* **GIVEN INFORMATION**:
=== Begin Enclosure ===
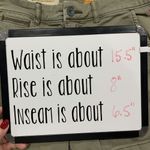 Anthropologie Anthro Pilcro Sz 27 Shorts Hyphen Chino Mid Rise Flat Front Cotton Blend Women’s Photo 12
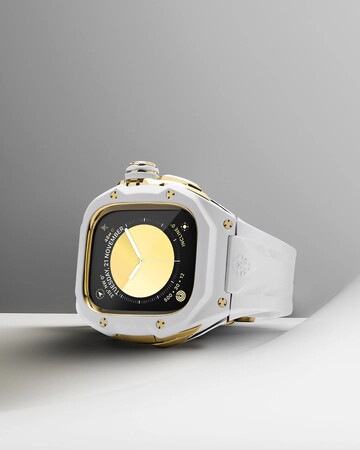 高級アップルウォッチケースブランド「ゴールデンコンセプト」からホワイトカーボンを使用したスペシャルエディション「RSCIII49 DAYTONA CARBON」が発売。
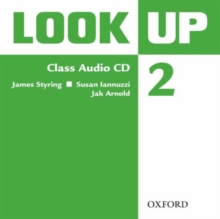 Image for Look Up: Level 2: Class Audio CD : Confidence Up! Motivation Up! Results Up!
=== End Enclosure ===
* **REQUIREMENT**:
Write the material above out again exactly as it reads, but don't carry over the pictures.

* **FINISHED TASK**:
 Anthropologie Anthro Pilcro Sz 27 Shorts Hyphen Chino Mid Rise Flat Front Cotton Blend Women’s Photo 12
 高級アップルウォッチケースブランド「ゴールデンコンセプト」からホワイトカーボンを使用したスペシャルエディション「RSCIII49 DAYTONA CARBON」が発売。
 Image for Look Up: Level 2: Class Audio CD : Confidence Up! Motivation Up! Results Up!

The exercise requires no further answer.